Ada seorang teman penulis yang sama-sama mengikuti kursus musik gereja di Pusat Musik Liturgi Yogyakarta yang berkata, "Pusat Musik Liturgi ini kok mau ya repot-repot ngadain acara ibadah pentas dengan melibatkan anak-anak dari berbagai sekolah?" Sebuah pertanyaan retorik yang sebenarnya sudah dijelaskan oleh Romo Karl Edmund Prier, SJ (Pimpinan Pusat Musik Liturgi Yogyakarta) pada waktu beliau memberikan pelajaran kepada para siswa kursus, bahwa musik bukan hanya mengenai seni, bermain dengan bagus, tetapi juga mengenai organisasi!

Tanpa kemampuan melakukan organisasi yang baik, terencana, terstruktur rapi, maka sebuah pertunjukan musik tidak akan dapat terselenggara dengan baik. Dengan demikian musik hanya dapat dinikmati oleh si pemain saja, tapi tidak bisa dinikmati oleh khalayak yang lebih luas. Akibatnya keberadaannya lambat laun akan mengalami kemunduran karena tidak ada upaya pengenalan, promosi, atau pertunjukkan kepada komunitas yang lebih luas.


Jogjakarta, 26 November 2009
8.15 pm
Markus Hadinata

Sabtu, 21 November 2009

Sebuah Pengalaman Baru!


Kemarin sore saya diajak untuk menjadi singer dalam misa persiapan pernikahan teman dari temanku yang bertempat di salah satu rumah makan sekitar Malioboro. Jumat pagi sebelumnya kami sudah berlatih mengenai lagu2 yang akan dinyanyikan. Yang membuat agak Be Te adalah karena menunggu terlalu lama. Acara yang menurut temanku mulai pukul 5 sore ternyata baru mulai pukul 18.20 setelah romo datang! Agak kehilangan mood untuk bernyanyi karena menunggu terlalu lama, namun akhirnya kami bernyanyi juga.

Ada dua hal yang menarik dari pengalaman pertama menjadi singer di misa persiapan pernikahan kemarin. Pertama, ketika mengamati siapa saja tamu undangan yang hadir. Hanya beberapa gelintir saja tamu undangan yang masih berusia muda. Sebagian besar tamu sudah berusia dewasa dan lanjut. Mereka adalah keluarga dari kedua pihak mempelai yang akan melangsungkan pernikahan.
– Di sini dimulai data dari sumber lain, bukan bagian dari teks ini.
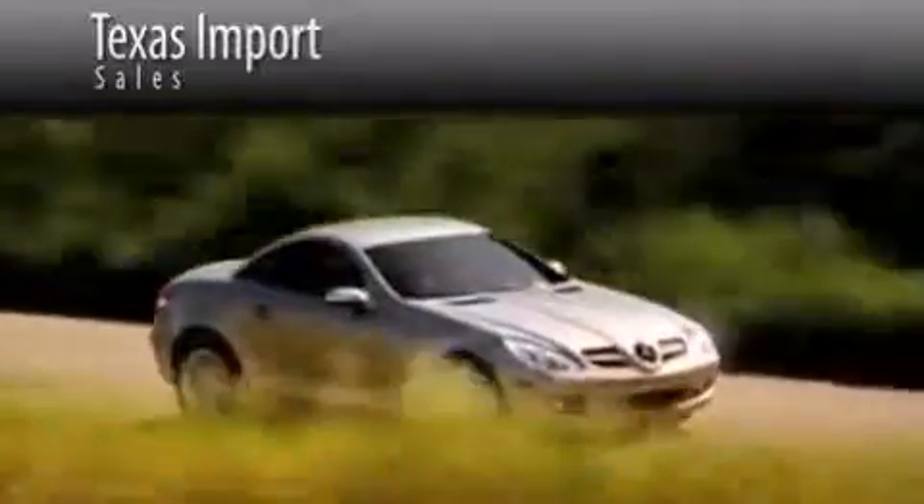Texas Import Sales is located at 14807 Venture Drive in Dallas. Our goal is to exceed all of your expectations to ensure that you'll return for future visits.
Dugaan saya mungkin karena ini bukan acara resepsi, melainkan hanya misa persiapan pernikahan, maka yang hadir tidak begitu banyak melampaui 300 an orang seperti layaknya sebuah resepsi pernikahan.

Kedua, sewaktu romo berkotbah beliau mengawali kotbahnya dengan kalimat, "Kita hadir pada malam ini di sini bukan untuk makan, melainkan untuk berdoa bagi kedua pihak mempelai yang akan melangsungkan pernikahan." Dari sini pada tamu undangan disadarkan bahwa mereka hadir pada malam itu bukan untuk diri mereka sendiri, melainkan untuk berdoa bagi kebahagiaan kedua pihak mempelai.
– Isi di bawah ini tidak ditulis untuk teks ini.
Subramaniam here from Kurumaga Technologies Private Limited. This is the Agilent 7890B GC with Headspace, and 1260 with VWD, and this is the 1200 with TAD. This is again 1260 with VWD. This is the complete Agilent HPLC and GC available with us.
Selanjutnya romo memberi 3 nasihat yang diambil dari Kitab Suci Ibrani 13:1-5 yang merupakan nasihat dari penatua kepada orang-orang Ibrani. Nasihat pertama sehubungan dengan memelihara kasih persaudaraan. Dengan santai romo turun dari mimbar dan menghampiri kedua mempelai, lalu bertanya kepada keduanya, "Sejak kapan berjumpa untuk pertama kalinya? Apa yang dilakukan untuk memelihara kasih persaudaraan?" Kedua mempelai memiliki jawaban sama terhadap pertanyaan romo sehubungan dengan memelihara kasih persaudaraan, "Sabar." Pihak perempuan berupaya sabar bila kekasihnya berkata, "Aku akan menjemputmu", ini artinya sejam lagi baru datang! Sementara pihak laki-laki berupaya sabar ketika kekasihnya ingin agar ia berhenti merokok bila ingin menjadi suaminya.
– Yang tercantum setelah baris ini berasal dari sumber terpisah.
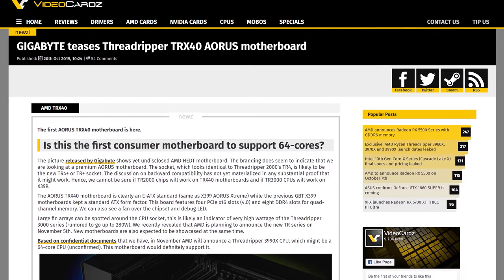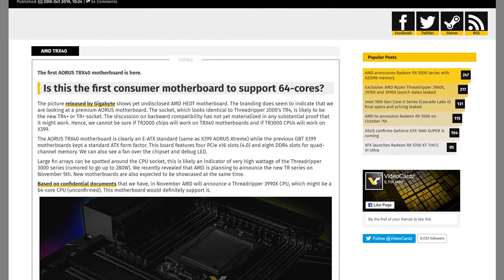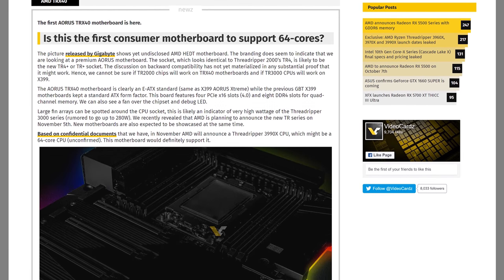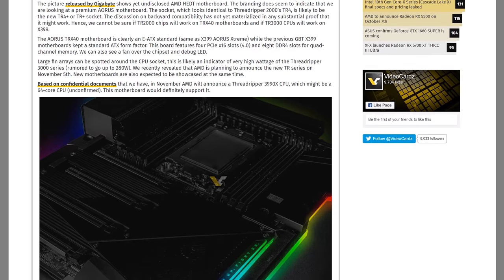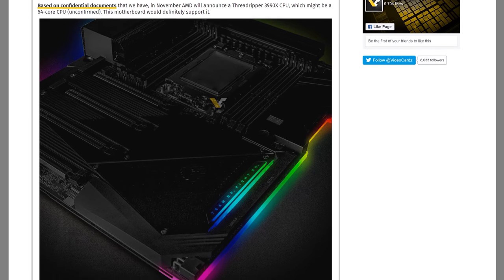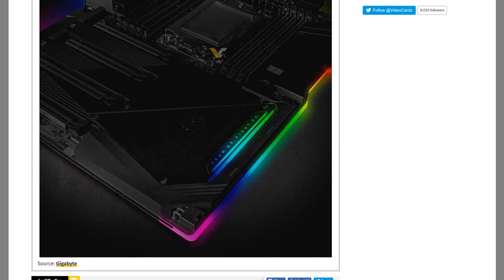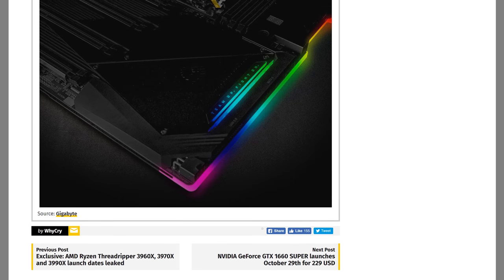Gigabyte have teased an upcoming TRX40 motherboard on their social media page, as spotted by Videocardz. The board is quite clearly an AMD HEDT platform with a socket that looks pretty similar to existing TR4 sockets. The leading theory is this is actually a new socket that will break backwards compatibility with older Threadripper CPUs, meaning Threadripper 3000 won't work on older boards — but that hasn't been confirmed yet. This is a large extended-ATX board similar to the X399 Aorus Extreme, with 8 DDR4 slots and 4 PCIe 4.0 slots. TRX40 and Threadripper 3000 are supposedly going to be announced on November 5th for a mid-November release.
Nasihat kedua sehubungan dengan menaruh sikap hormat terhadap perkawinan untuk tidak mencemarkan tempat tidur. Kalau yang ini kiranya sudah jelas. Hubungan seperti layaknya suami istri hendaknya dilakukan setelah menikah. Selain terkait dengan budaya, secara sosial hubungan sepasang kekasih yang terlampau jauh sebelum nikah memunculkan perasaan yang kurang menyenangkan bagi komunitas yang lebih luas, yaitu keluarga, gereja, dan masyarakat. Secara rohani, janji pernikahan di hadapan TUHAN dan jemaat memberi landasan komitmen yang kuat dalam membangun hidup berumah tangga di dalam TUHAN.

Nasihat ketiga (terakhir) seturut dengan ayat bacaan di dalam Kitab Suci Ibrani tadi adalah jangan menjadi hamba uang. Sebuah pernikahan yang bahagia tidak akan terwujud ketika uang menjadi fokus perhatian utama di dalam hidup berkeluarga. Memang tidak bisa dipungkiri selama hidup kita memerlukan uang, namun jika uang sudah menyita seluruh perhatian dan energi, maka uang tidak lagi menjadi sarana melainkan 'tuan' yang memperbudak.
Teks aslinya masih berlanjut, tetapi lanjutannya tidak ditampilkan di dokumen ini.